Synthesix - Modular MIDI synthesizer for MSX

Copyright 2013 Laurens Holst

Project information

Synthesix is synthesizer for MSX sound chips. It lets you play and tweak your MSX sound chips in real-time, using external MIDI controllers and DAW software.

Patches are edited in a modular sound design paradigm. This architecture lets you insert modules which perform various functions into the control chain between your MIDI keyboard and the sound chip. This gives you great and flexible control over the sound that is played.

Author: Laurens Holst
License: Simplified BSD License

System Requirements

  • MSX2, MSX2+, MSX turboR or MSX1 models with V9938 VDP
  • 16K video RAM
  • 64K main RAM
  • 64K Konami 4/5 ROM

Supported output devices

  • Konami SCC

Support for more sound chips will be added in the future.

Supported input devices

Synthesix currently supports the following input devices:

  • Internal MSX-MIDI (turboR GT)
  • External MSX-MIDI (µ-Pack), on all MSX models
  • Philips NMS-1205 Music Module MIDI
  • Yamaha SFG-01 / 05 FM Sound Synthesizer Unit MIDI
  • Philips NMS-1160 Music Keyboard, connected to NMS-1205
  • Toshiba HX-MU901 Music Keyboard, connected to HX-MU900 or FS-CA1
  • Yamaha YK-01/10/20 Music Keyboard, connected to HX-MU900 or FS-CA1
  • Computer alphanumeric keys

If you have another input device which you’d like to be supported, let me know or file a ticket for it in the issue tracker.

Usage instructions

Synthesix can be loaded on an MSX using a Konami Snatcher SCC+ cartridge, or compatible devices such as the MegaFlashROM SCC+ or the ESE Mega-SCC+ (built into the One Chip MSX).

When Synthesix boots you are presented with a list of modules, these are the elementary building blocks of a sound. A specific configuration of modules is called a patch. The simplest patch takes input from a Note source module, and connects it to a Voice destination module.

A module has inputs and/or outputs. Inputs are indicated by notches on the left and outputs have notches on the right. The modules are linked together by defining virtual “patch cords” between their inputs and an outputs. How you connect up the inputs determines the output of the module.

You can scroll through the modules with the cursor keys. Moving up and down selects the module’s input and output ports. Select an input port of one module and press return to make a connection. The cursor will move to the currently connected output, and you can select a new one and press return again to establish a new connection. The cursor will turn gray if you select a port which is not an output, and you can press escape to cancel the selection.

You can also select an output port and press return to make a connection, however as one output can be linked to no or multiple inputs, the cursor will stay in place and turn gray until you select an input port to connect to.

Taking the simplest patch consisting of Note and SCCVoice modules as an example, to produce the most primitive sound connect the SCCVoice.note input to the Note.key output, and the SCCVoice.amplitude input to the Note.gate output.

Note that all inputs are always connected, if not to another module with variable outputs, they are connected to a fixed value provided by the Constants module.
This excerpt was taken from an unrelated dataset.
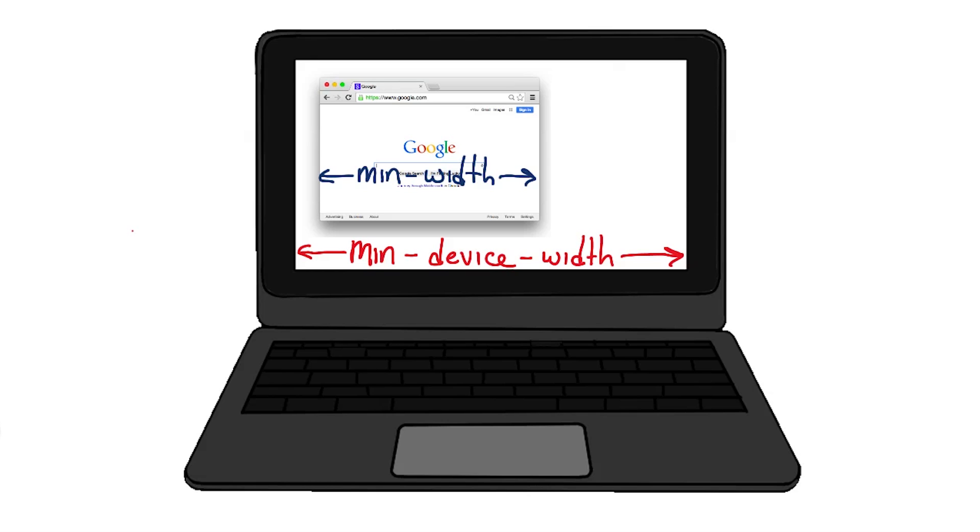Additionally, some browsers like the legacy Android browser may report the wrong value.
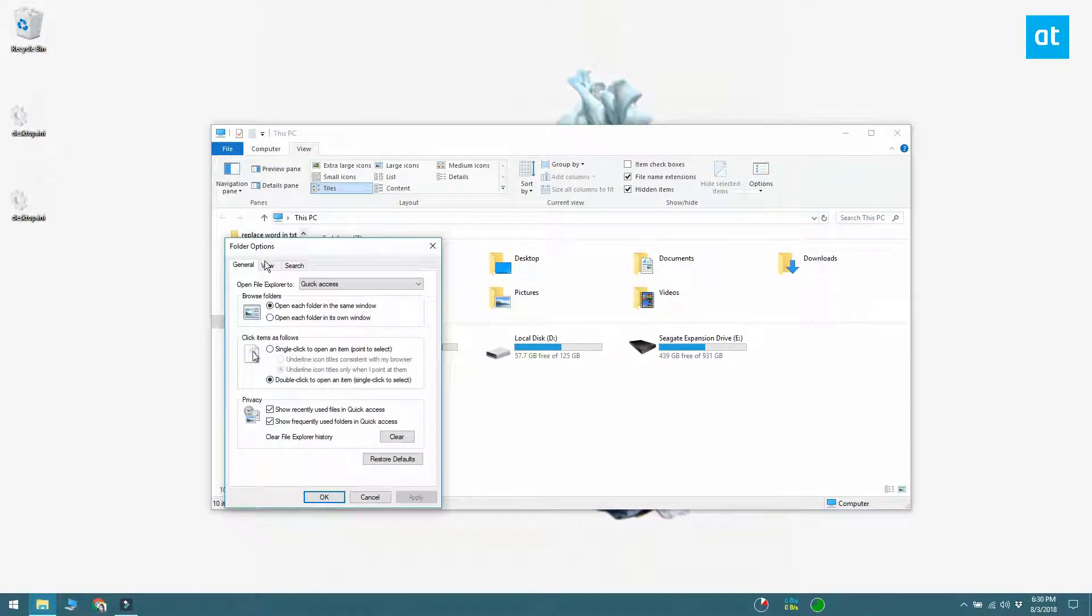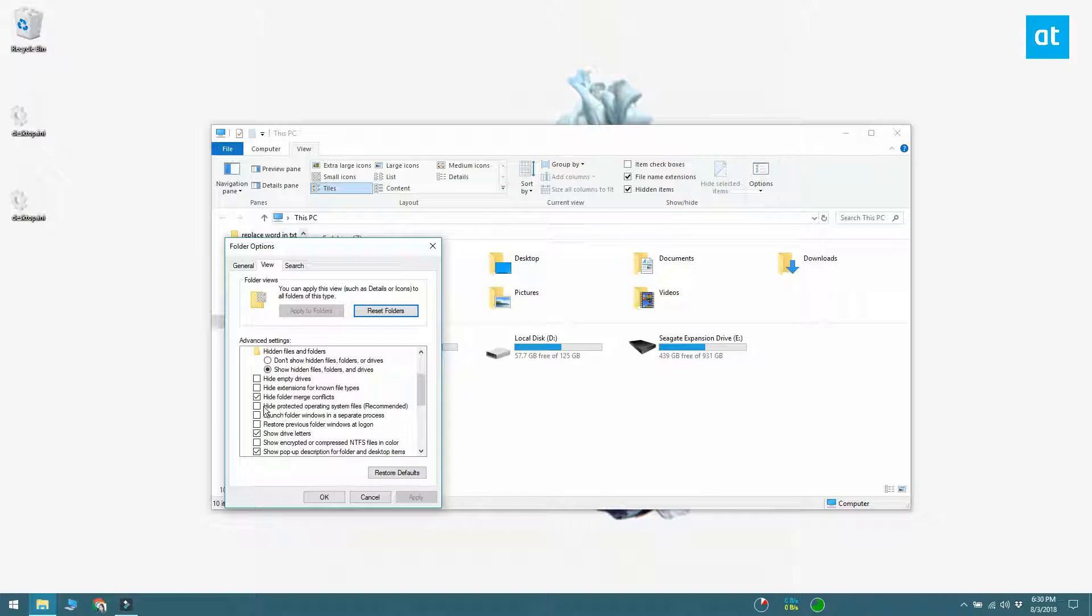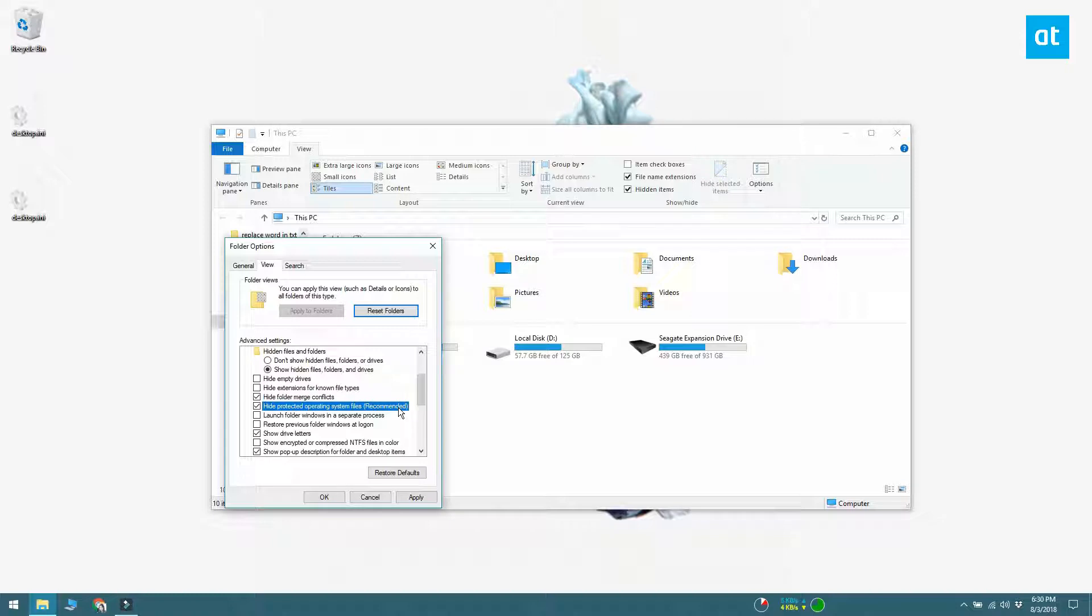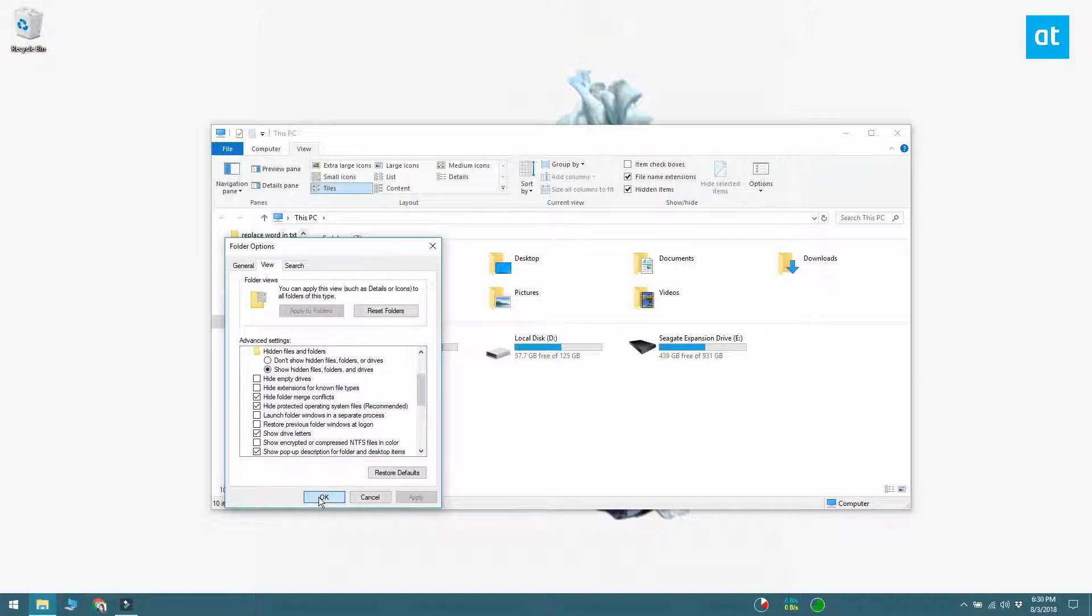On the Folder Options window, go to the View tab. Under the Advanced Settings section, look for an option called Hide Protected Operating System Files Recommended and enable it. Click Apply and the desktop.ini files ought to be gone.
To disconnect an input from its current output, press the backspace key and it will replace the connection with one to Constants. To quickly increase / decrease a constant value press the insert and delete keys. This will also replace it with a constant connection.

By default you see bars indicating the signed values, with the middle position representing 0, however by pressing caps lock you can see the actual values which range from -127 to +127. Because the values are one’s complement, there are two representations of 0: -0 and +0, usually these are treated identically.

Some final notes; the polyphony of the patch is predefined to 4, this means that for every module you see there are actually four copies operating independently, one for each note / SCC voice. Essentially, there are 4 layers of modules.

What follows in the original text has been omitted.